Using the incident data from 2003 to February 2012, about 27,500 records, I’ve written an R script that assign provinces to ~95 percent of the records, 26,000.
Here’s a basic overview of how it works:
The process basically consists of four steps:
- Split the location string into separate words
- Identify a candidate word
- Strip if of unnecessary parts (“al-”, “’s”,…)
- Check against known city-province list
- Repeat until a match is found
Two functions cover steps 3 and 4. The first strips out the “al-” prefix, which just is an article (“the”), the possessive suffix “’s”, and a couple of other characters that are in a words sometimes.
DelChar <- function(x) {
word <- sub("al-", "", x, ignore.case = TRUE)
word <- gsub("'[s]", "", word)
word <- gsub("[?,']", "", word)
return(word)
}
The other function takes a word and checks it against a list of known city and province pairs (“city.prov”) to see whether it matches either, and if so returns that province name:
ProvLook <- function(x) {
province <- NULL
repeat {
if (x %in% city.prov[, 2]) {
province <- x
break
} else if (x %in% city.prov[, 1]) {
province <- city.prov[(x==city.prov[, 1]), 2]
break
} else {
province <- "no match"
break
}
}
return(province)
}
The rest is a loop over the words in location to evaluate each one. It’s not very efficient and takes 7 seconds to run over the 27,500 records I’m using, but it’s effective enough. Any ideas on how to improve efficiency? I don’t know enough to have any clue on this.

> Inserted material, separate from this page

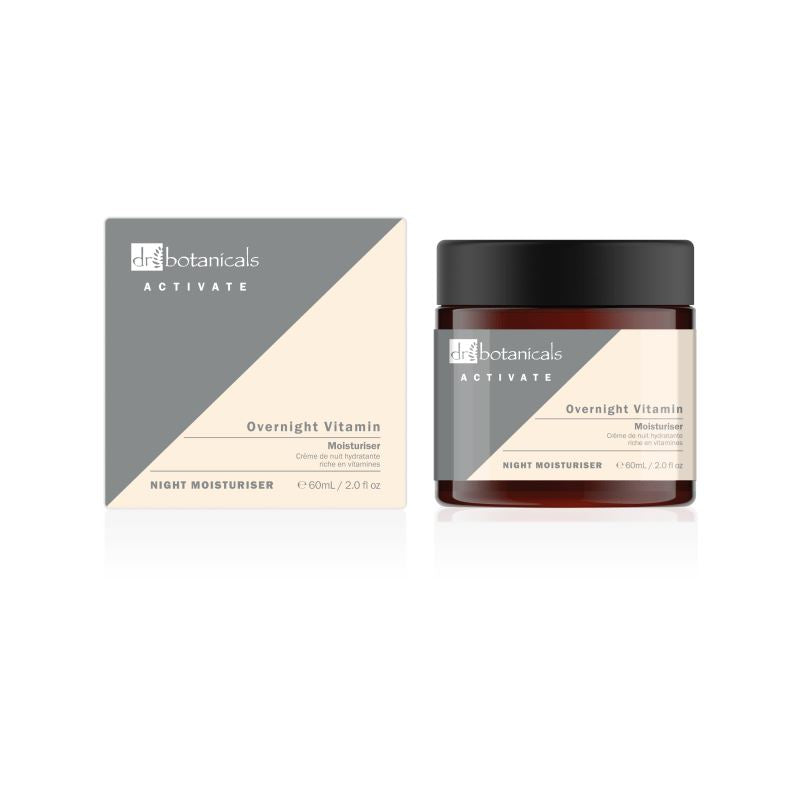Dr Botanicals Charcoal Mask & Vitamin Moisturiser Anti-Ageing Kit - skinChemists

I’m pretty happy for now with getting 95 percent of the records, but it would be nice to get all in the future. Here are some ideas for how to do that:
- Figure out how to accommodate common misspellings. There are certain patterns in how place names get misspelled. For example, “h” at the end of words that end in a vowel (Basra, Basrah), and repeated or substituted vowels (Qadisiya, Qadisiyya; Baiji, Baaji)
- Accomodate place names that consist of more than one word, like “Salman Pak”.
- Extent the list of known city-province pairs. Ultimately this could become a brute force solution, although unpleasant considering there are ~1,500 uncoded places.